Pictures with short captions:
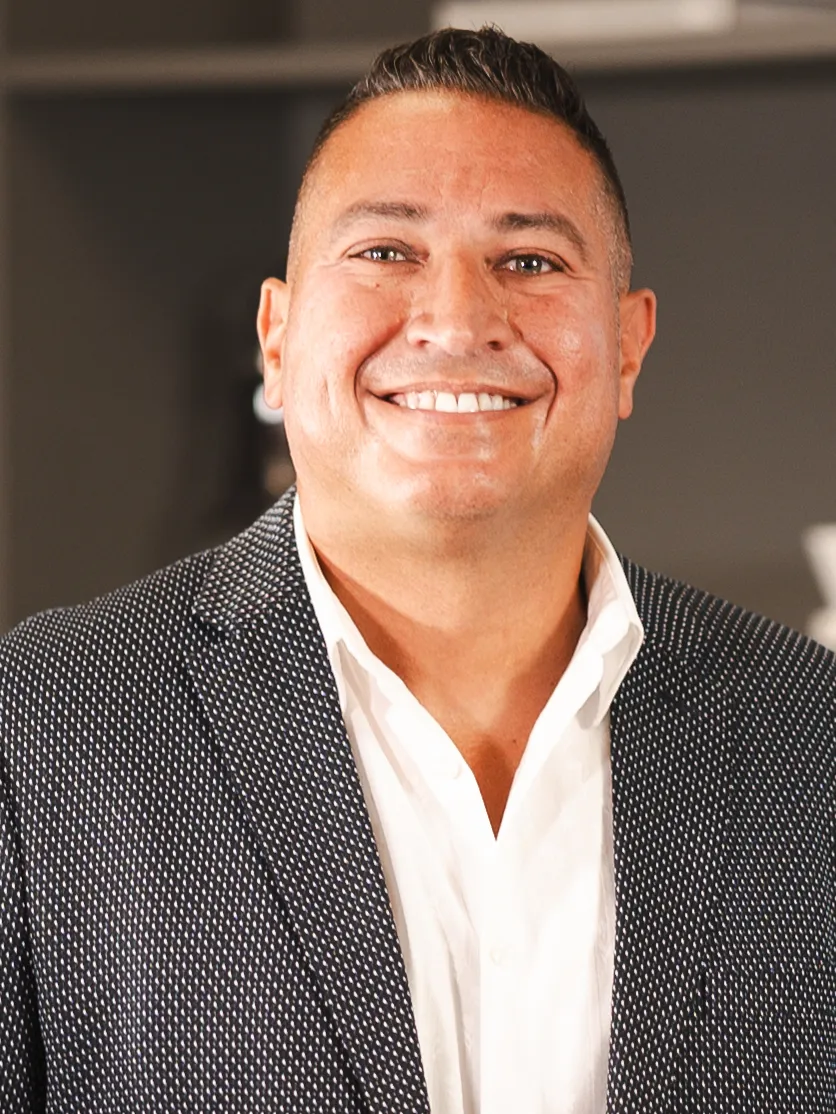 Oben Necip, VP of Sales & New Developments, Broker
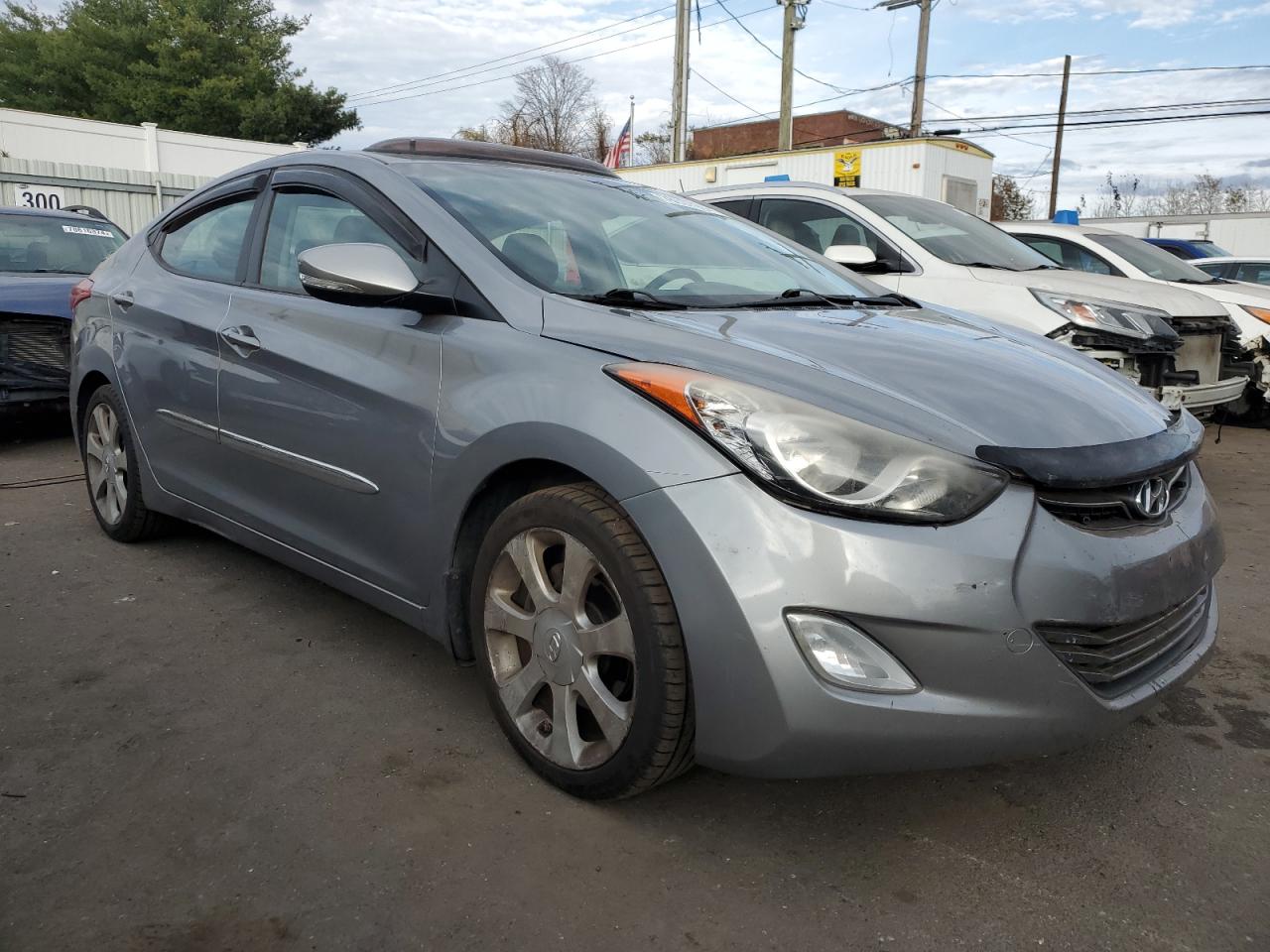 2012 Hyundai Elantra - Image 4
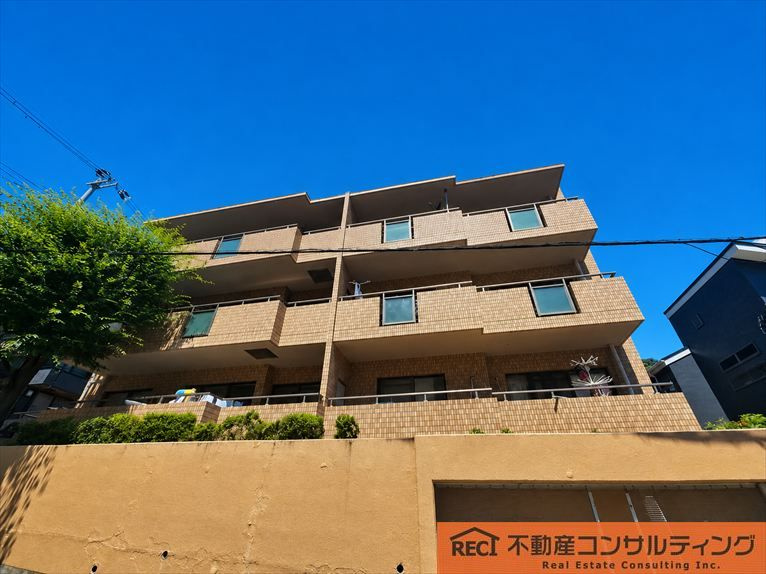 グランドメゾン六甲箕岡のエントランス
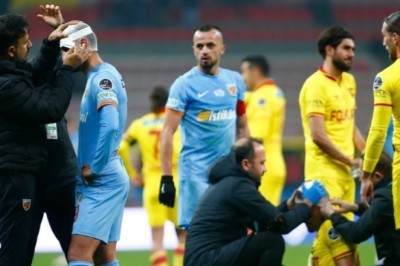 Kayserispor ve Başakşehir FK'da Sakat ve Cezalıların Listesi.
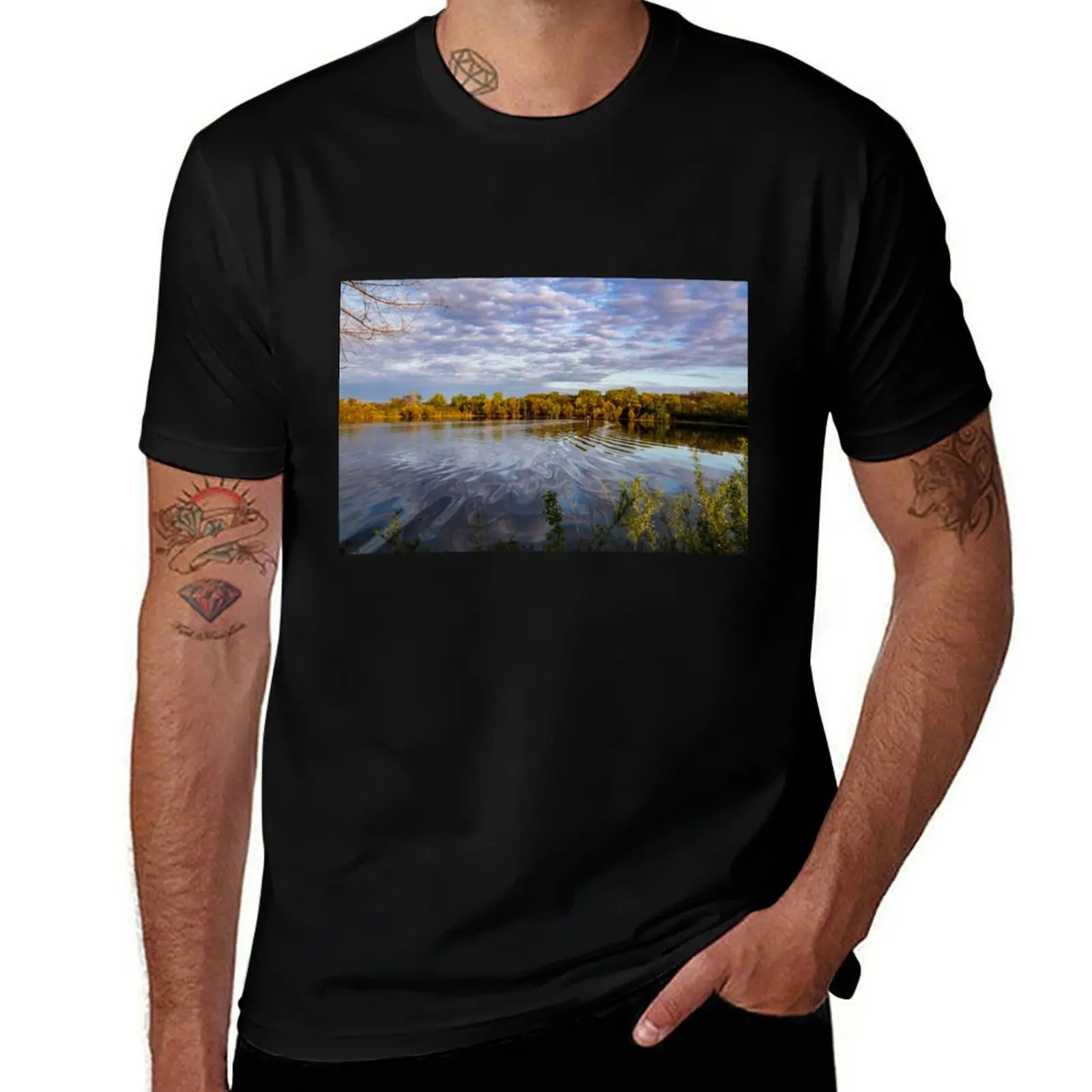 

Ripples from a Boat on a Lake near Waterloo, Iowa T-Shirt Casual Basic Short Sleeve T-Shirt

Problem requirements:
From the line containing "2012 Hyundai Elantra - Image 4" through the end of the entries, quote each line exactly and nothing else, excluding all pictures.

Output:
 2012 Hyundai Elantra - Image 4
 グランドメゾン六甲箕岡のエントランス
 Kayserispor ve Başakşehir FK'da Sakat ve Cezalıların Listesi.

Ripples from a Boat on a Lake near Waterloo, Iowa T-Shirt Casual Basic Short Sleeve T-Shirt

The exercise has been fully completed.